Studio album by Eno
- Released: November 1974
- Recorded: September 1974
- Studios: Island, London
- Genres: Art rock; art pop; avant-pop; experimental rock;
- Length: 48:14
- Label: Island
- Producer: Eno

Eno chronology
| Here Come the Warm Jets (1974) | Taking Tiger Mountain (By Strategy) (1974) | Another Green World (1975) |

= Taking Tiger Mountain (By Strategy) =

Taking Tiger Mountain (By Strategy) is the second solo studio album by the English musician Brian Eno (mononymously credited as "Eno"), released in November 1974 by Island Records. Unlike his debut album Here Come the Warm Jets, which featured sixteen musicians, this album utilized a core band of five instrumentalists: Eno (keyboards, guitar), Phil Manzanera (guitar), Brian Turrington (bass guitar), Freddie Smith (drums), and Robert Wyatt (percussion), augmented by guest players on some tracks. Manzanera also participated in the writing and production. To help guide the musicians, Eno and Peter Schmidt developed instruction cards called Oblique Strategies to facilitate creativity during the recording process.

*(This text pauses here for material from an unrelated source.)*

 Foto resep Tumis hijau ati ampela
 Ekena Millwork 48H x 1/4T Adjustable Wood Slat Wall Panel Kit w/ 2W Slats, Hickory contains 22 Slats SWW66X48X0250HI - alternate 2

Taking Tiger Mountain (By Strategy) is a loose concept album that references themes of geopolitical intrigue ranging from espionage to the Chinese Communist Revolution. It did not chart in the United Kingdom or the United States, but received positive reviews from critics. Since its release, the album has received even more critical attention.

== Production ==
The album was inspired by a series of postcards depicting the Chinese revolutionary opera Taking Tiger Mountain by Strategy. Eno described his understanding of the title as referring to "the dichotomy between the archaic and the progressive. Half Taking Tiger Mountain – that Middle Ages physical feel of storming a military position – and half (By Strategy) – that very, very 20th-century mental concept of a tactical interaction of systems."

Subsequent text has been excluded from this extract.